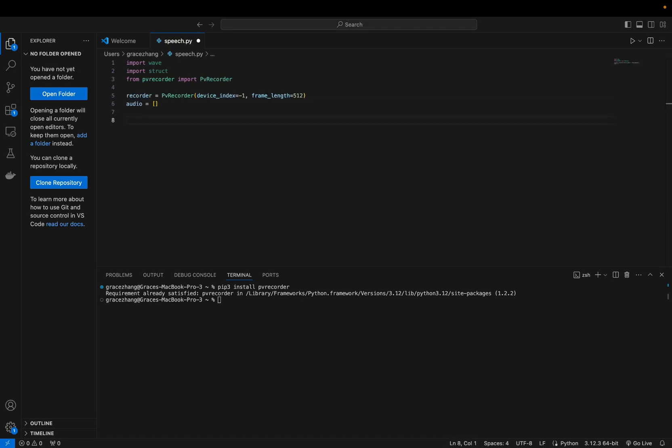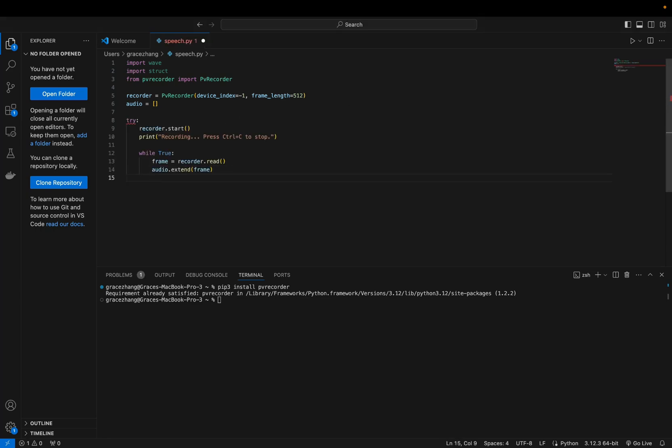Start the recording process by adding a try block. Begin recording with recorder.start and enter an infinite loop to read audio frames continuously.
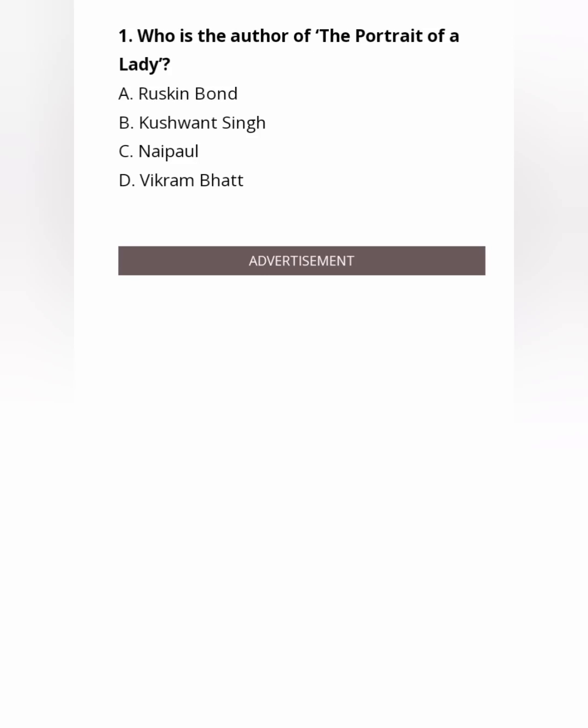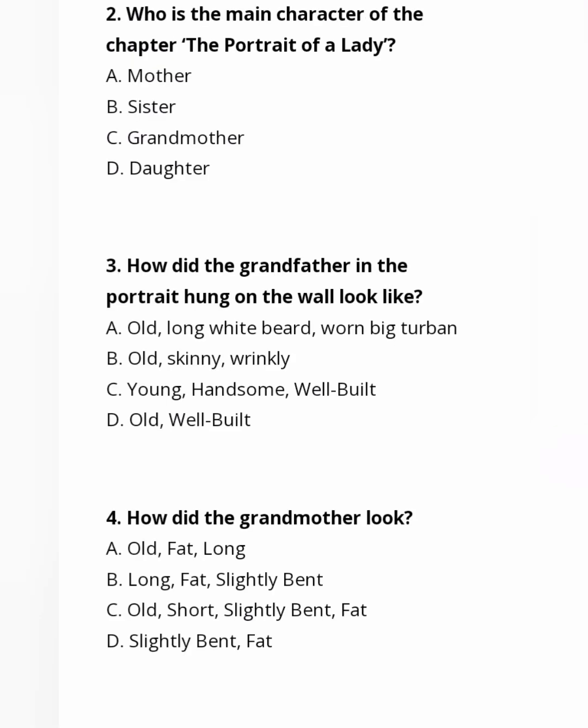The first question is: Who is the author of The Portrait of a Lady? The answer is Option B, Kushwant Singh. The second question is: Who is the main character of the chapter The Portrait of a Lady? The answer is Option C, the Grandmother.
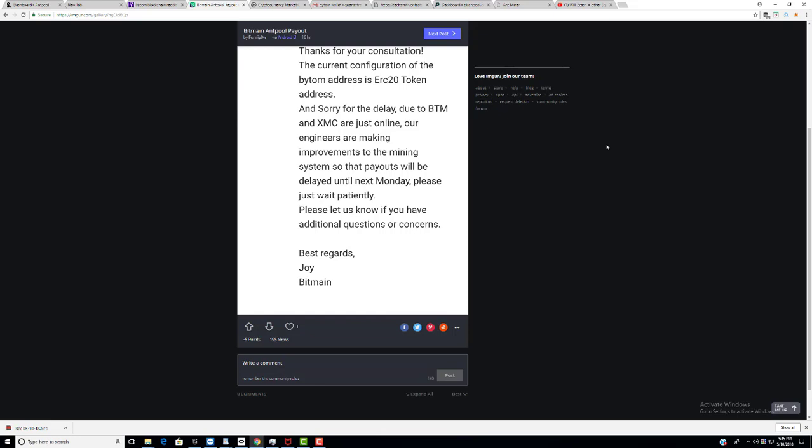The address is going to be an ERC20 token address. That means you're going to have to go to MyEtherWallet or another wallet like that and download an Ethereum wallet. That way you can have an ERC20 token address. You can use any Ether address for an ERC20 address.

**Your assignment**
Exclude all images and return the listing word for word.

**Exercise response**
Start the recording process by adding a try block. Begin recording with recorder.start and enter an infinite loop to read audio frames continuously.
The first question is: Who is the author of The Portrait of a Lady? The answer is Option B, Kushwant Singh. The second question is: Who is the main character of the chapter The Portrait of a Lady? The answer is Option C, the Grandmother.
The address is going to be an ERC20 token address. That means you're going to have to go to MyEtherWallet or another wallet like that and download an Ethereum wallet. That way you can have an ERC20 token address. You can use any Ether address for an ERC20 address.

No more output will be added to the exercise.